Compiling the program to generate the covariance matrix file in generate_covar/

This program is compiled analogously to the offline_coupled DA program. Thus, you can compile the program with

make generate_covar PDAF_ARCH=<arch> PDAFDIR=<mydir>

with <arch> and <mydir> as before.

Overview of files

Input files

The input files are in inputs_2fields. These are

  • ensA_XX.nc and ensB_XX.nc: Ensemble files for both fields, where XX is the ensemble index ranging between 01 and 20. Used to initialize the ensemble for DA or to generate a covariance matrix file with generate_covar.
  • obsA.nc and obsB.nc: Observation fields for both fields containing all time steps. Read during DA process.
  • trueA_stepYY.nc and trueB_stepYY.nc: Files holding the true model state for both fields, where YY is the time step. Used to compare with to access quality of state estimate (e.g., using plot_diff.py)

Output files

Running the online or offline DA produces several output files. There are separate files for the first model field 'A' and the second model field 'B'. Below, we list only the files associated with field 'A'. For Field B, corresponding files are written.
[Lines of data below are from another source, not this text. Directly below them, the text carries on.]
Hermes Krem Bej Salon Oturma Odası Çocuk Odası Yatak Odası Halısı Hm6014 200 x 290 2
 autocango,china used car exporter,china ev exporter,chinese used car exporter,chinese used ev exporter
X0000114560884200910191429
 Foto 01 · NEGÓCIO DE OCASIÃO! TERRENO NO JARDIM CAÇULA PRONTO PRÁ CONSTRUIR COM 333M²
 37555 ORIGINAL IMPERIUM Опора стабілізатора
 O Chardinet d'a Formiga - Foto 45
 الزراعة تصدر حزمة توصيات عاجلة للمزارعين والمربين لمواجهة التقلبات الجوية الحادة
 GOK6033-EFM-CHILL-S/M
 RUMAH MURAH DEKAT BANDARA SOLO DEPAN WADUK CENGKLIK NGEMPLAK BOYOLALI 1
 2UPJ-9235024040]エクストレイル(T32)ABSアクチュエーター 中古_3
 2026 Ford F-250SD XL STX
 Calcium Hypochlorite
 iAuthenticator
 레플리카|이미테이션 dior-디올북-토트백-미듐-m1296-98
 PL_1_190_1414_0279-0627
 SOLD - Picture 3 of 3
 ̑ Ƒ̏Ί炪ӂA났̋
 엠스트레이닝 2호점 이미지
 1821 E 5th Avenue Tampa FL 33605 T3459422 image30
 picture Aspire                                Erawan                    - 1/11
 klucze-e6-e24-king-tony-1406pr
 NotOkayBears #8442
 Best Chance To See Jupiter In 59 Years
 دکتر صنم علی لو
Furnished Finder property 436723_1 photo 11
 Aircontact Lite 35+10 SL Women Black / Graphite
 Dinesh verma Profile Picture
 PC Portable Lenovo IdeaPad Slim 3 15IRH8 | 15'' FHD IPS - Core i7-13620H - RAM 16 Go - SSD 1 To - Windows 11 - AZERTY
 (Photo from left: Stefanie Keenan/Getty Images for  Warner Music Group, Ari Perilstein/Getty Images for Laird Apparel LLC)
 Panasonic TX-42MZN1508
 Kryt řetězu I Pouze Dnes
  • stateA_step*_for.txt / stateA_step*_ana.txt: files holding the ensemble mean of field A of the model for the forecast (for) or analysis (ana).
  • ensA_XX_step*_for.txt / ensA_XX_step*_ana.txt: files holding each single ensemble member state (with index XX) for the forecast (for) or analysis (ana).
  • varianceA_step*_for.txt / varianceA_step*_ana.txt: files holding the ensemble variance of field A of the model for the forecast (for) or analysis (ana).

Plotting

The directory plotting/ contains Python plot scripts. They can be used like

plot_diff.py FILE1 FILE2      # Plot the difference of two files and display their RMS difference
plot_file.py FILE             # Plot the field in one file
plot_obs.py OBSFILE STEP      # Plot one observation file with OBSFILE being the observation file and STEP the time step to plot

The script plot_file.py can be used to plot files in /inputs_2fields, the model's output files, or those from a DA experiment. plot_diff.py is commonly used to plot the difference between the output of a DA experiment and the corresponding true state.

Running experiments

The programs for the online and offline coupled DA use command-line options to specify the experiment settings. All command-line options start with a dash. Thus, the syntax is

-VARIABLE VALUE

Running the offline coupled DA

The offline coupled DA performs one single analysis step. It uses a parallelization with domain decomposition. However, one can also run it with a single process.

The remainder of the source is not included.